Forex Major Regulators & Compensation Schemes
Why is regulation important?
The Foreign Exchange operates as a decentralized financial market without any central or clearing service. In that context, there are several governmental and other supervisory bodies aiming to control the participants in the Forex market and ensure that they follow fair business practices. These bodies provide financial licenses but also apply penalties or even remove licenses if certain financial entities tend to misbehave.
In most cases, there is also a compensation scheme in the event of a financial firm's insolvency.
Regulator's Objectives
(1) Control financial firms and force them in following fair business practices
(2) Protect retail traders against fraud
(3) Ensure that financial firms can meet the minimum liquidity standards
(4) Minimize the credit risk of the financial market
In accordance with their regulatory standards, brokers become subject to audits, reviews, and evaluations. Not every broker is licensed and regulated by a reliable body, and thus, traders should be very careful when choosing their partners.

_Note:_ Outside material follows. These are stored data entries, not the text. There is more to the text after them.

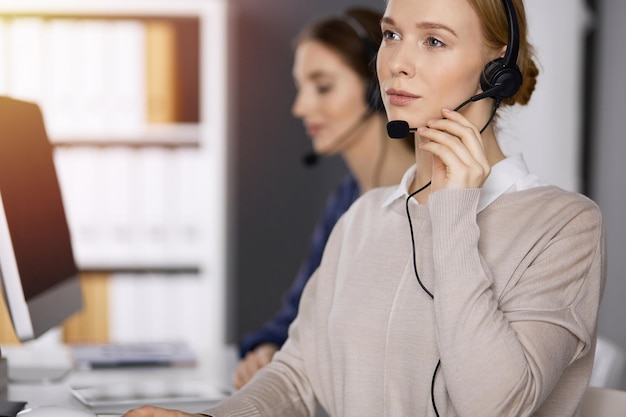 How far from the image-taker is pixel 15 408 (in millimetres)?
1226

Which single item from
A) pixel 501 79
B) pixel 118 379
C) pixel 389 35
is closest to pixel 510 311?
pixel 501 79

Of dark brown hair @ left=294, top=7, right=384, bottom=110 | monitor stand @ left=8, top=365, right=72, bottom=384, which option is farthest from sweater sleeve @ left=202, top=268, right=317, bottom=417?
dark brown hair @ left=294, top=7, right=384, bottom=110

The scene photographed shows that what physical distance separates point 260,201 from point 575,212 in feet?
7.93

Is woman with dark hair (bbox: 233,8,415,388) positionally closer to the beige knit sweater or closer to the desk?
the desk

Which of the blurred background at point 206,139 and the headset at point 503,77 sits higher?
the headset at point 503,77

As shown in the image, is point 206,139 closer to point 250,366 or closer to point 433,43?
point 250,366

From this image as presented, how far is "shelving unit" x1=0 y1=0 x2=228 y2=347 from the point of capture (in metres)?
2.98

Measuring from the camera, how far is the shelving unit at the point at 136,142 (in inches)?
117

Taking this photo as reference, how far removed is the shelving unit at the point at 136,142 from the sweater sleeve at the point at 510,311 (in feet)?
6.71

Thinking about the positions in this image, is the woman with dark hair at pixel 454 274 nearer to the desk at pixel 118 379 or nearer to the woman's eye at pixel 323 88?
the desk at pixel 118 379

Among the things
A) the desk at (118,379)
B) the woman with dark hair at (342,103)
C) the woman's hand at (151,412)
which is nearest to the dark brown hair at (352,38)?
the woman with dark hair at (342,103)

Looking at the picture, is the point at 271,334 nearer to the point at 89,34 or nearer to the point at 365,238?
the point at 365,238

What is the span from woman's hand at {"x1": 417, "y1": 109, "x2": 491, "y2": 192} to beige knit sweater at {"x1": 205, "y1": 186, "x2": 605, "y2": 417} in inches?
1.0

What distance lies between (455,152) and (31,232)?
72 centimetres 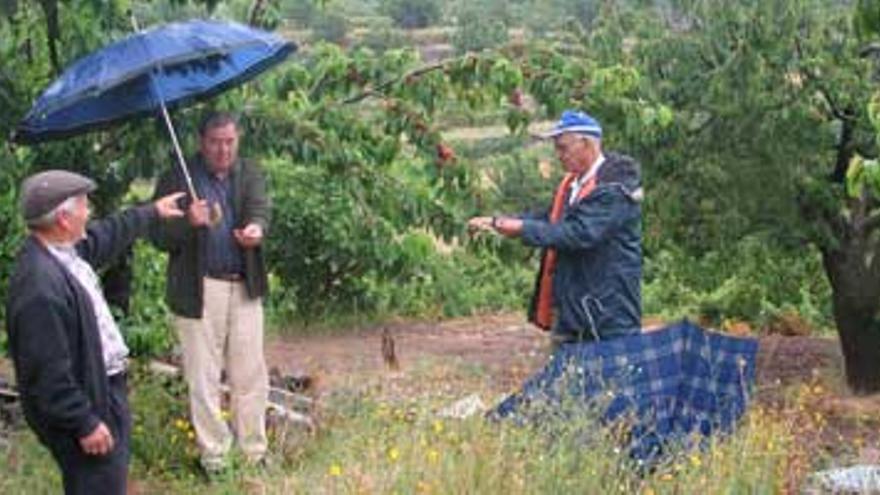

Major Regulators Around the Globe
Financial regulators (in alphabetical order), and compensation schemes:
(1) ASIC -Australia
ASIC is an independent Australian Government body responsible for regulating financial services and consumer credit. ASIC or else 'Australian Securities & Investments Commission' was founded in 1991 and employs more than 2,000 people.
► ASIC (Australia) | ► Securities & Investments Commission Act (2001)
- COMPENSATION SCHEME: NO
There is no direct compensation in case a financial firm (regulated by ASIC) faces bankruptcy. There is only AFCA, a free complaint resolution service that works as an alternative to the courts. their role is to investigate and resolve complaints about financial firms that are AFCA members.
► AFCA
(2) BAFIN –Germany
Founded in 2002, BaFin is the German Financial Regulatory body. In German BaFIN means "Bundesanstalt für Finanzdienstleistungsaufsicht" and employs more than 2,100 people.
- COMPENSATION SCHEME: YES
The compensation in the case of insolvency is 20,000 EUR per client.
(3) CFTC –USA
Founded in 1985, the Commodity Futures Trading Commission protects the public from fraud, manipulation, and abusive practices related to the sale of commodities and financial futures and options. The CFTC employs 435 people.
- COMPENSATION SCHEME: NO
The CFTC’s Reparations Program, administered through the Office of Proceedings, provides an inexpensive, expeditious, and fair forum to resolve disputes between derivatives customers and registered trading professionals.
(4) CYSEC -Cyprus
Founded in 2001, CySEC is the "Cyprus Securities and Exchange Commission". They employ 42 people.
- COMPENSATION SCHEME (ICF): YES
The purpose of the ICF (Investors' Compensation Fund) is to compensate retail traders in case a member of the ICF is unable to pay over clients' assets due to its financial problems. The compensation ceiling is 20,000 EUR per client.
► ICF (Investors' Compensation Fund)
(5) FINMA -Swiss
Founded in 2007, FiNMA is the "Swiss Financial Market Supervisory Authority". FINMA supervision includes banks, insurance companies, stock exchanges, and securities dealers, as well as other financial intermediaries in Switzerland. They employ 350 people.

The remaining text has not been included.